Menschen-Bilder

von Annette Grundmeier


Johannes Welter ist im Atelier. Die alltäglichen Dinge und aufregenden Ereignisse sind ebenso "draußen" geblieben wie Probleme, Krisen und Freuden. Sie haben ihn berührt, leben mit ihm - aber jetzt ist er frei genug, um sich an die Arbeit zu machen: Die gesammelten und immer wieder neu erprobten Materialien liegen bereit, ebenso Papierbögen, Mal- und Druckutensilien.

aus: Begegnungen (1999)Ohne ein bestimmtes Bild oder Thema im Kopf zu haben, geht es los: Leuchtende Farblinien (Acryltuschen in der Werkgruppe "BEGEGNUNGEN") werden spontan gesetzt und dann mit einem Pinsel voll Wasser teilweise zum Fließen gebracht. Die flüssigen Bahnen und Flecken verknüpfen sich zu dichten oder lockeren Strukturen und geben plötzlich den Blick frei auf eine Gestalt, die sich in den Farben spiegelt oder aus dem Gewirr der Spuren entpuppt. Es sind Figuren in verschiedenen Positionen und Beziehungen zueinander. Manchmal durchdringt ein emotionales Ereignis oder eine menschliche Wesensart - mehr spürbar als sichtbar - das Gefüge der Linien und Flächen. Das "Motiv", das heißt der Beweggrund, kann mehr oder minder figurativ sichtbar sein.

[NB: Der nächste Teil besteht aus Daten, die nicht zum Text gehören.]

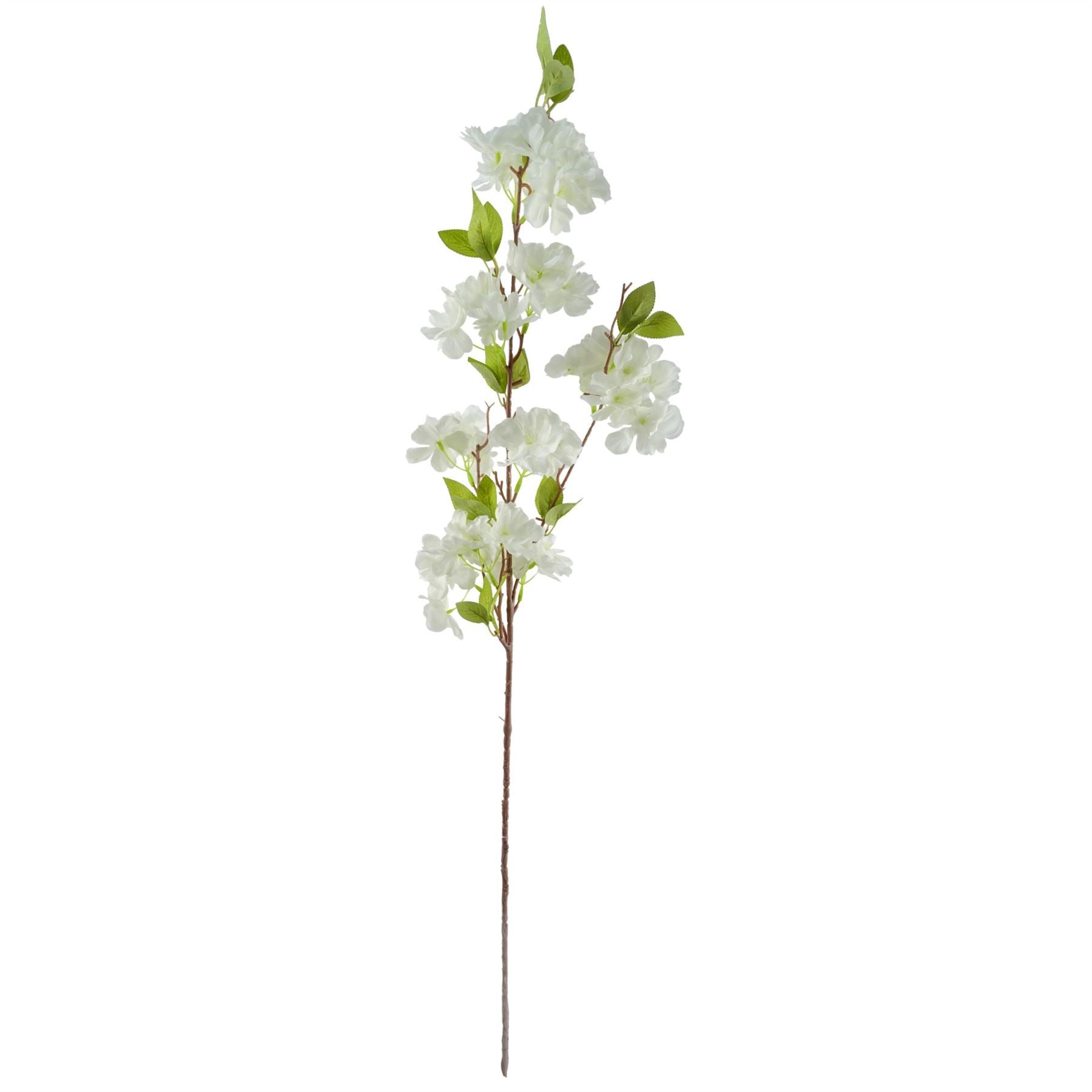 100cm Artificial White Blossom and Dark Berry Arrangement with Pink Square Glass Vase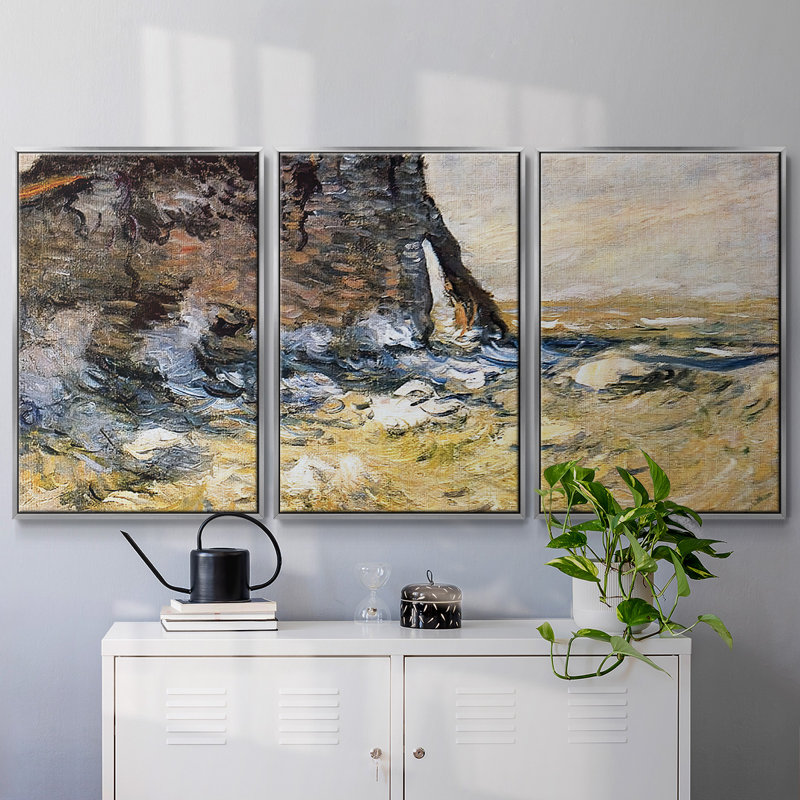 Port d'Aval, 1926, reproduction sur toile 3 pièces, Encadrement argenté, H 24 po x l 48 po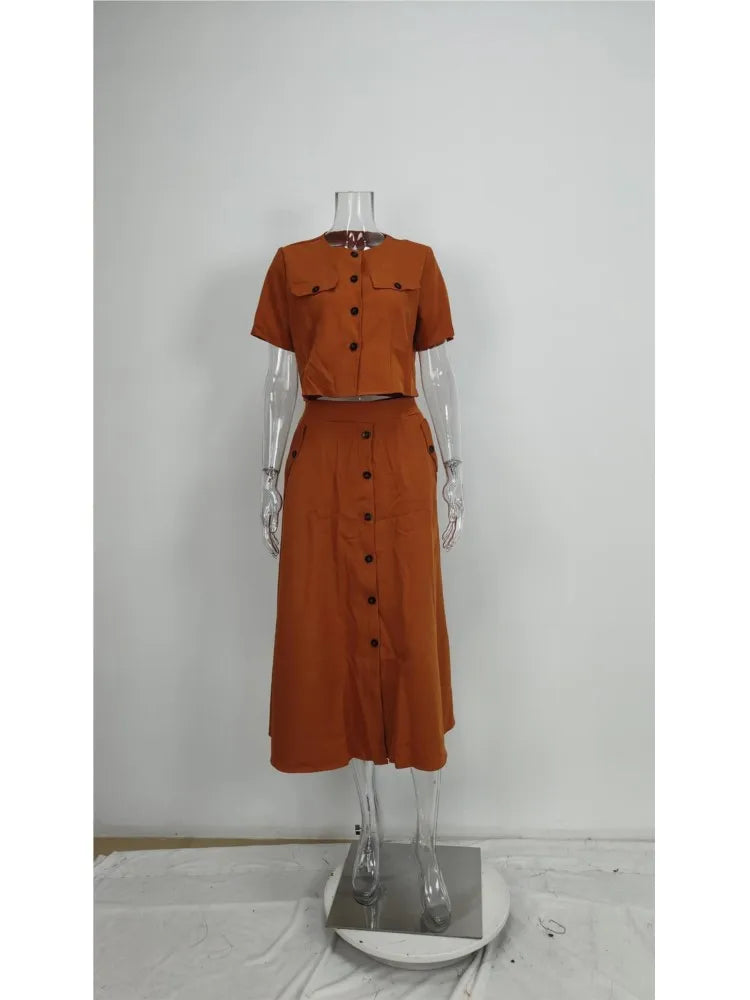 Women's Two Piece Summer Short Sleeve O-Neck Shirt and Skirt Set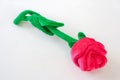 Valentine Day Concept : Fake red rose flower on white background. Royalty Free Stock Photo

So verhält es sich auch in den anderen hier ausgestellten Werkgruppen: Die Arbeiten auf Japanpapier machen die charakteristischen Eigenschaften von Prozess und Material besonders deutlich: Das chamoisfarbene Japanpapier ist stellenweise von gelblichem Öl durchdrungen und wirkt durchscheinend. Noch ist nicht festgelegt, ob die Oberfläche Hintergrund, Spielraum, oder selbst Gestalt wird, oder ob sie als transparente Oberfläche Einblick gewährt auf dahinter liegende Darstellungen. Die beidseitig mit der Rolle aufgetragene schwarze und weiße Druckfarbe sowie Graphitspuren geben der Gestaltung Kontur und Binnenzeichnung, Schatten und Volumen, Prägung oder Umfeld. Figurativ und assoziativ sind Landschaften, Tiere und auch vor allem Menschen zu erkennen.

aus: Dazwischen (1999)Von besonderer Kraft sind jedoch die nichtfigurativen Darstellungen von dynamischen Prozessen wie Explosionen, Geburt oder heftigen Gefühlsregungen. Die Wirkung wird durch den starken Kontrast zwischen dem harten Schwarz-Weiß-Auftrag und dem warmen, lebendigen Farbton des ölgetränkten Japanpapiers noch verstärkt. So ergibt sich auch manchmal der Eindruck eines Einblicks in die Bereiche zwischen Innerem und Äußerem, Physischem und Psychischem: "DAZWISCHEN".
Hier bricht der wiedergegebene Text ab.